* YOUR ASSIGNMENT
Restate the data word for word. Leave the pictures out.

* DATA FOR THE TASK
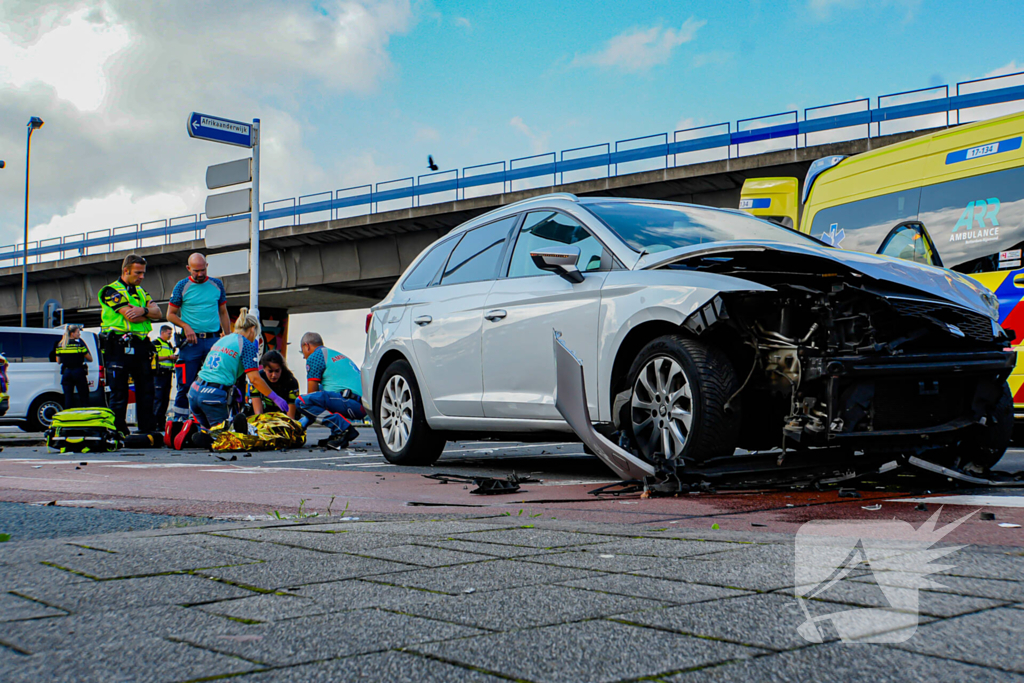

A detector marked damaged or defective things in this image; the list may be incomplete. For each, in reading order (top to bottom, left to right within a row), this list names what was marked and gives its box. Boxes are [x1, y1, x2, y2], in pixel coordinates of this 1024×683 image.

white damaged car [362, 194, 1015, 479]
crumpled hood [634, 240, 995, 317]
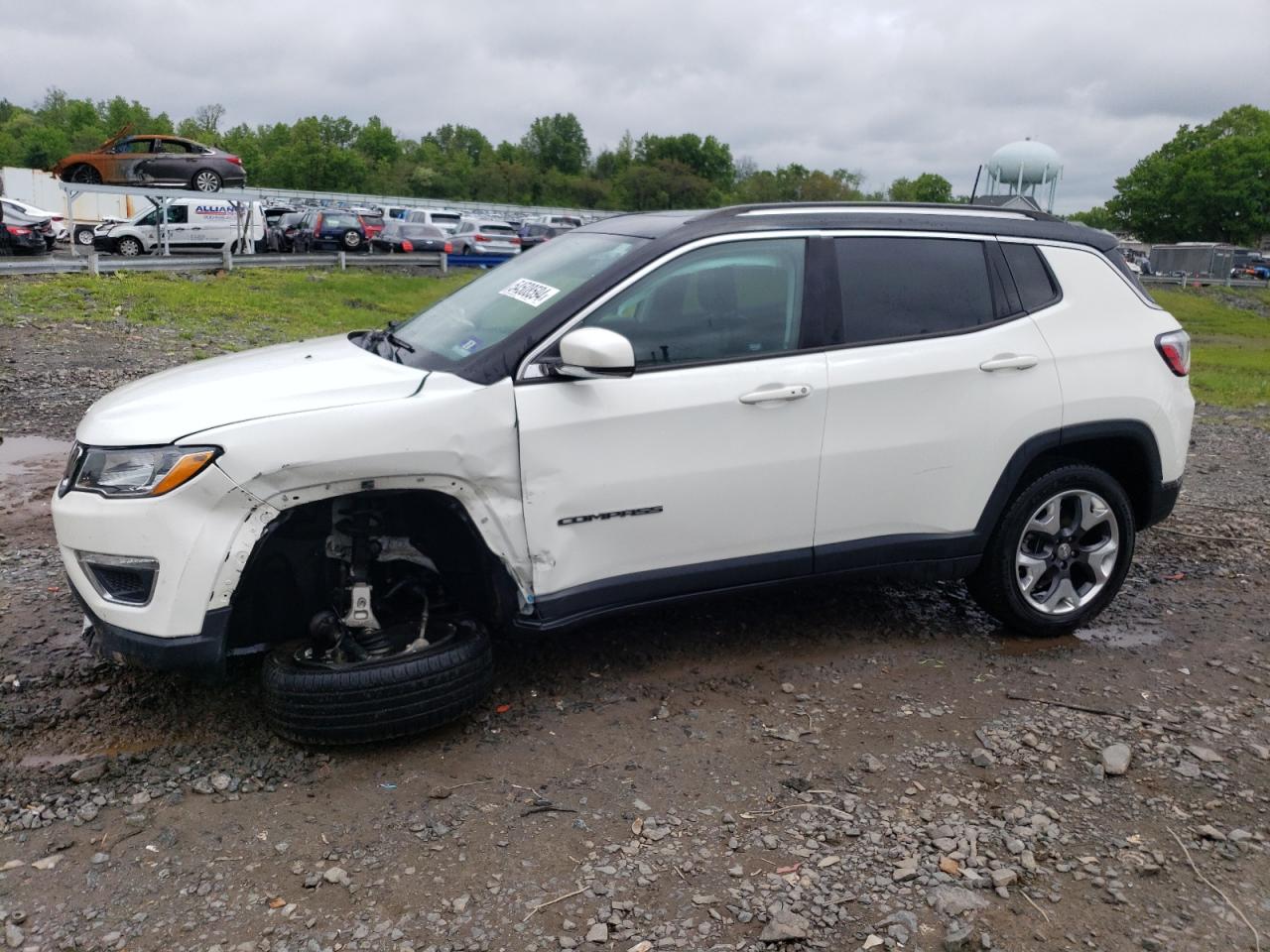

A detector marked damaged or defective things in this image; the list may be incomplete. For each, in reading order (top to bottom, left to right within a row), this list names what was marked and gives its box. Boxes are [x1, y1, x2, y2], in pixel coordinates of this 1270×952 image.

damaged white suv [55, 206, 1194, 746]
exposed wheel hub [1016, 492, 1117, 619]
detached tire [261, 622, 490, 751]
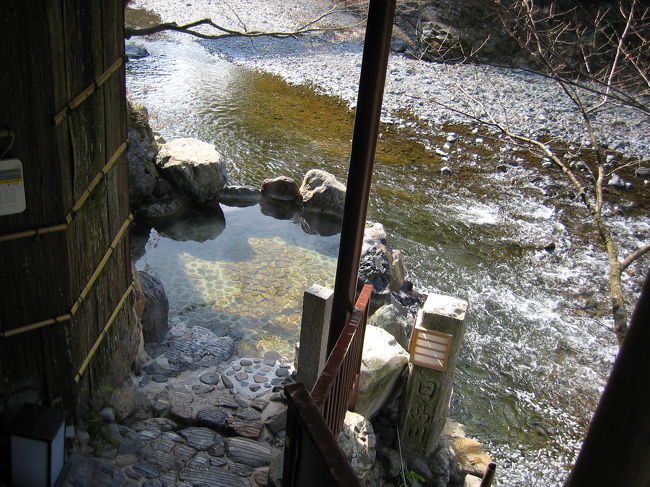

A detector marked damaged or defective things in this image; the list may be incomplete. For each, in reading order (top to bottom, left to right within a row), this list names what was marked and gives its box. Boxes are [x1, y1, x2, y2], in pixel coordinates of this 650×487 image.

rusty red handrail [312, 284, 372, 436]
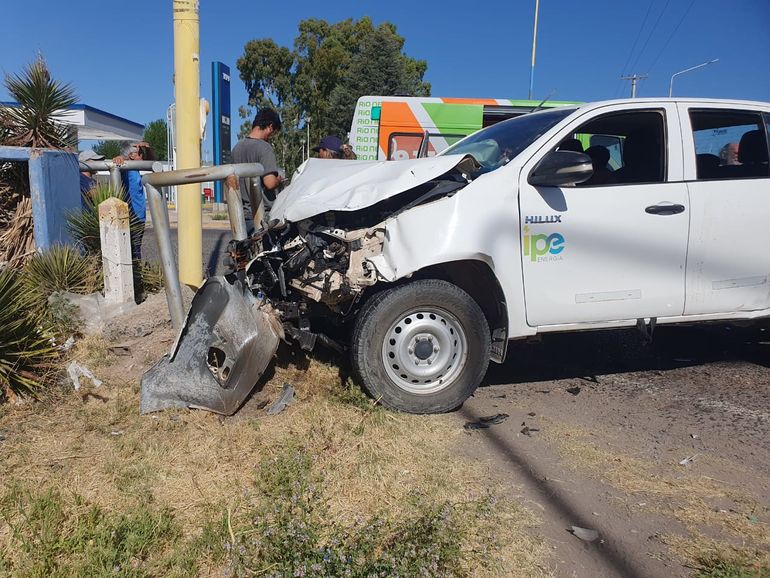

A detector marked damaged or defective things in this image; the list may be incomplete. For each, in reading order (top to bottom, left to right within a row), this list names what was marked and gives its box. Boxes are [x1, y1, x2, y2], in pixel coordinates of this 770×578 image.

damaged front end [138, 153, 474, 414]
crumpled hood [268, 154, 474, 222]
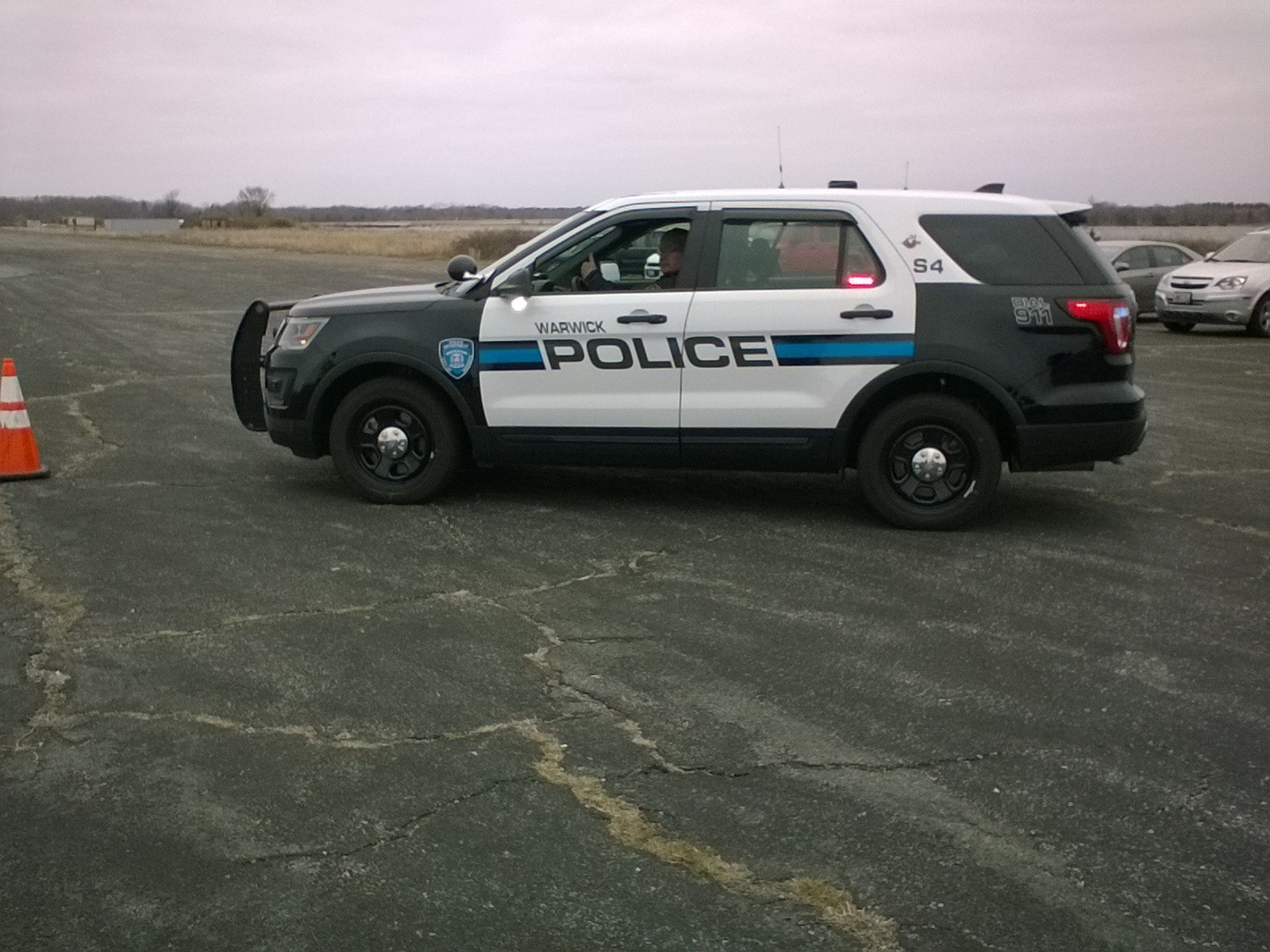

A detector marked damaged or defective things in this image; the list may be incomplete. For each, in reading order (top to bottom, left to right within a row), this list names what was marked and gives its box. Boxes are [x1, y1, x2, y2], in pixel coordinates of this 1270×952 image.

cracked asphalt pavement [0, 232, 1264, 952]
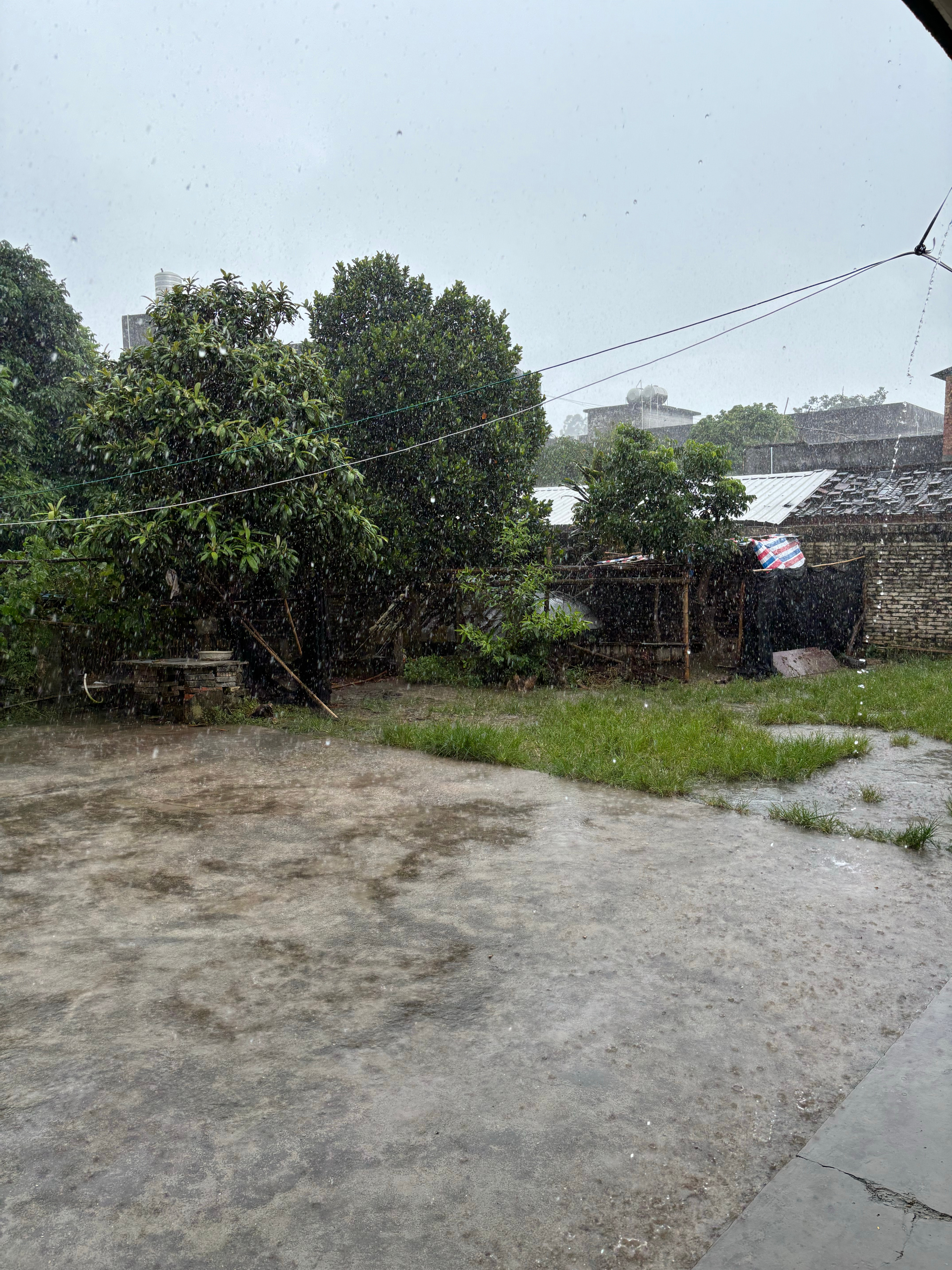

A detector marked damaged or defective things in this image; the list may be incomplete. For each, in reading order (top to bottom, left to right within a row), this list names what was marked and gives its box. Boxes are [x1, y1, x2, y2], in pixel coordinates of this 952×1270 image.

rusty metal sheet [777, 650, 843, 681]
crack in concrete [802, 1158, 952, 1224]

* RESPONSE TO THIS TASK
A detector marked damaged or defective things in this image; the list may be incomplete. For each, in reading order (top to bottom, left to right within a row), this list names what was marked and gives its box. Boxes are [x1, y1, x2, y2], in pixel coordinates of this 1024×683 image.

white damaged car [362, 194, 1015, 479]
crumpled hood [634, 240, 995, 317]

A detector marked damaged or defective things in this image; the list may be incomplete. For each, in reading order (top to bottom, left to right within a row), this list names what was marked and gives its box. Boxes are [x1, y1, x2, y2], in pixel coordinates of this 1270×952 image.

damaged white suv [55, 206, 1194, 746]
exposed wheel hub [1016, 492, 1117, 619]
detached tire [261, 622, 490, 751]

A detector marked damaged or defective things in this image; the list may be incomplete. For each, in reading order (top to bottom, left to right within a row), this list names what was marked and gives its box. Boxes are [x1, y1, x2, y2], in pixel coordinates of this 650×487 image.

rusty red handrail [312, 284, 372, 436]

A detector marked damaged or defective things in this image; the list may be incomplete. For each, in reading order (top to bottom, left to right within a row), this list names what was marked and gives its box. Boxes are [x1, y1, x2, y2], in pixel coordinates of this 770×578 image.

damaged front end [138, 153, 474, 414]
crumpled hood [268, 154, 474, 222]

A detector marked damaged or defective things in this image; the list may be incomplete. For each, in reading order (top to bottom, left to right within a row), this list names what was marked and gives its box. Boxes are [x1, y1, x2, y2], in pixel coordinates of this 1270×952 image.

cracked asphalt pavement [0, 232, 1264, 952]

A detector marked damaged or defective things in this image; the list may be incomplete. For each, in reading order (top to bottom, left to right within a row), this list names what was marked and gives its box. Boxes are [x1, y1, x2, y2], in pixel coordinates of this 952×1270 image.

rusty metal sheet [777, 650, 843, 681]
crack in concrete [802, 1158, 952, 1224]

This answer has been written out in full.